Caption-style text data
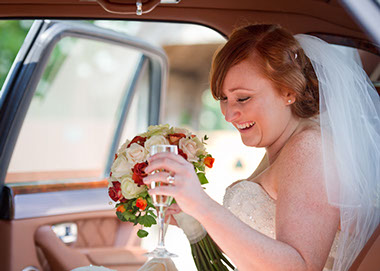 Image of Bride in the bridal car with bouquet and champagne taken by Natasha Hirst.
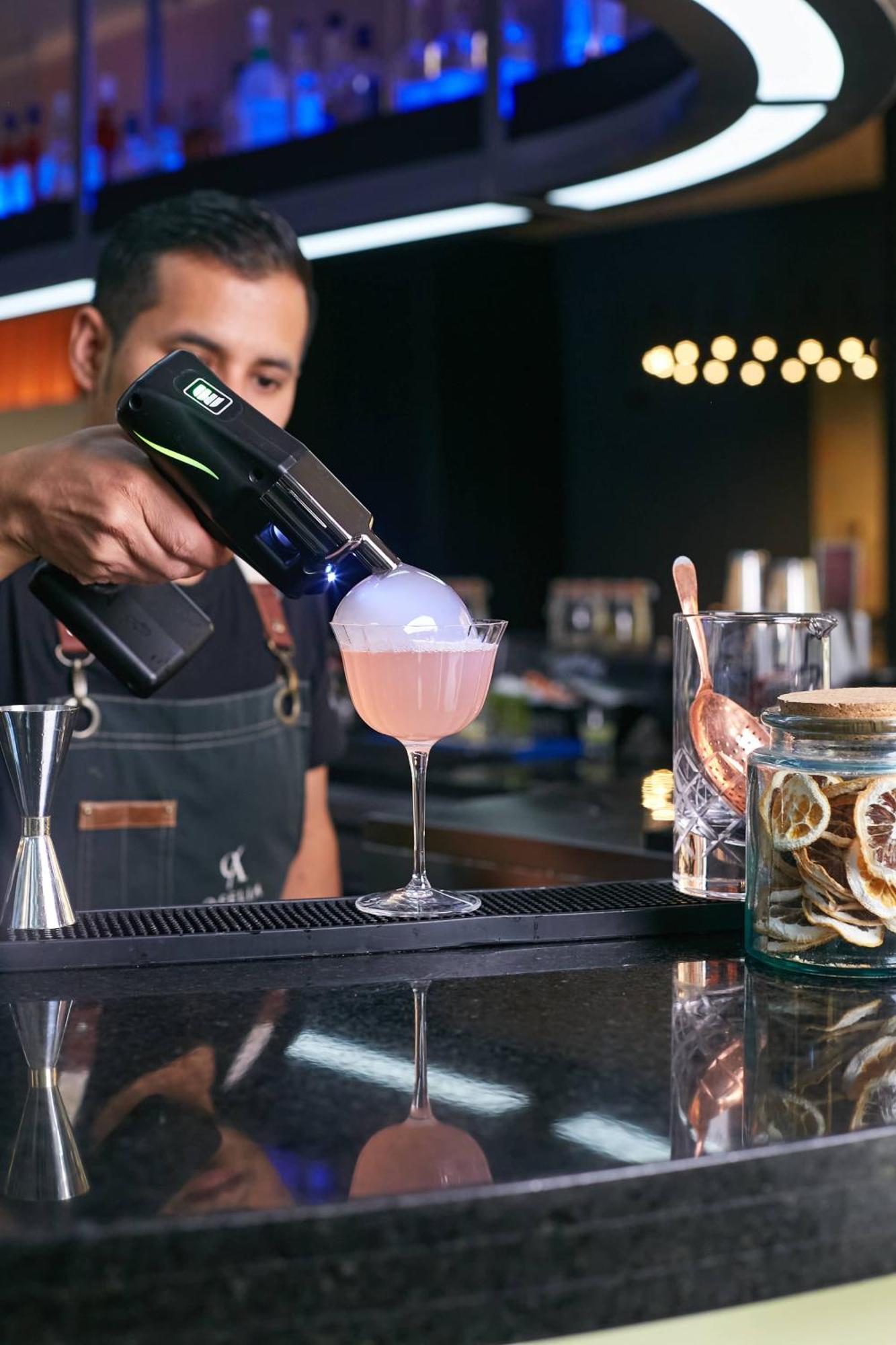 Pullman Santiago Vitacura Exterior foto A bartender using a blowtorch to cook a cocktail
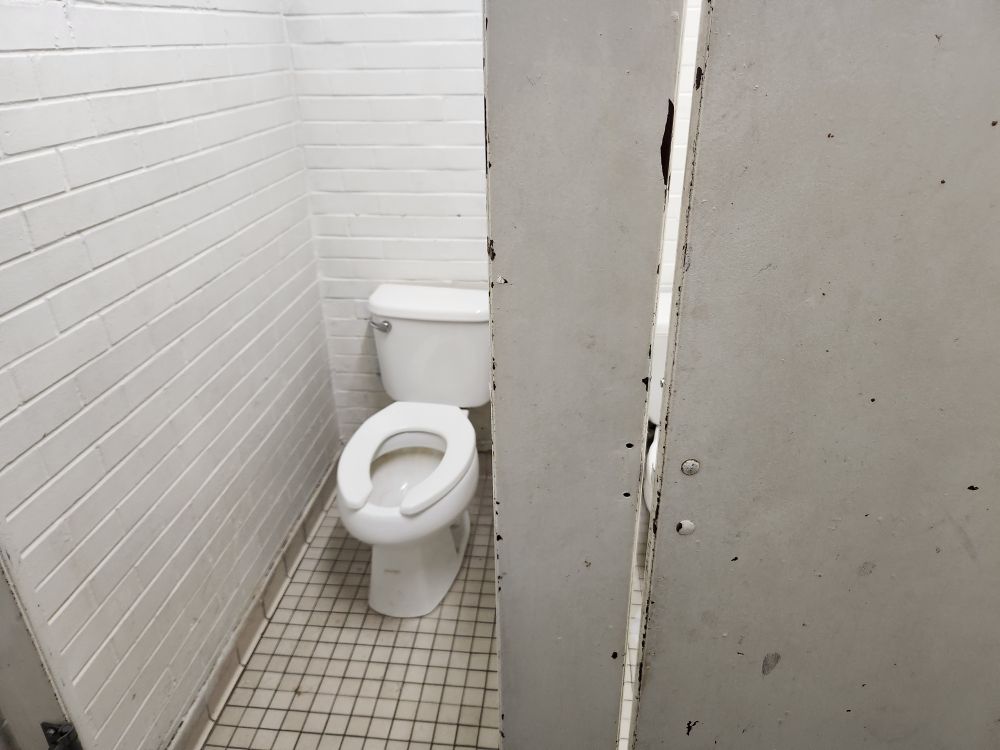 photo of dorty toilet stall with broken door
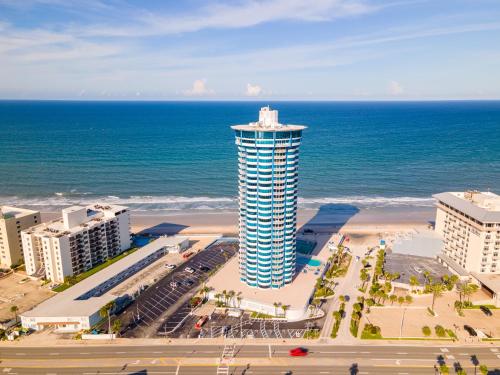a building on the beach next to the ocean at On the Beach-2/Br 2/Bath, 26th floor! Spectacular views of Ocean & River in Daytona Beach Shores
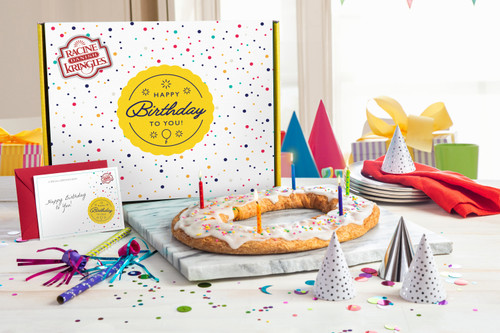 Happy Birthday Gift Box with a Birthday Kringle in front on a marble cutting board with party favors near the Kringle.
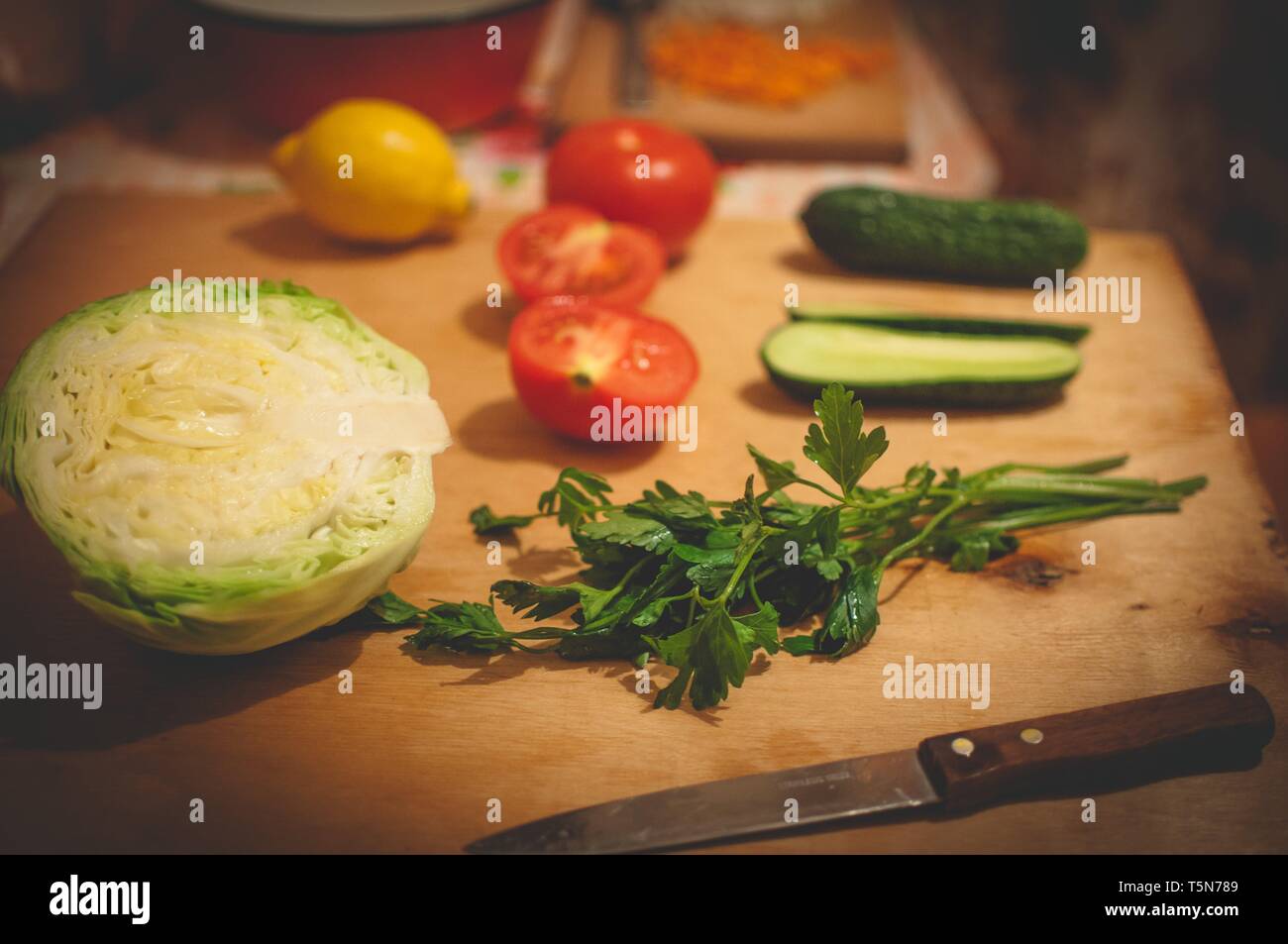 Gemüsescheiben in dem Holzbrett. Kohl, Tomaten, Gurken, Zitrone und Petersilie Stockfoto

*YOUR GOAL*
Your answer must be the lines from the line containing "Pullman Santiago Vitacura" through the final line of the data, written out exactly, both ends included and pictures left out.

*THE ANSWER*
 Pullman Santiago Vitacura Exterior foto A bartender using a blowtorch to cook a cocktail
 photo of dorty toilet stall with broken door
a building on the beach next to the ocean at On the Beach-2/Br 2/Bath, 26th floor! Spectacular views of Ocean & River in Daytona Beach Shores
 Happy Birthday Gift Box with a Birthday Kringle in front on a marble cutting board with party favors near the Kringle.
 Gemüsescheiben in dem Holzbrett. Kohl, Tomaten, Gurken, Zitrone und Petersilie Stockfoto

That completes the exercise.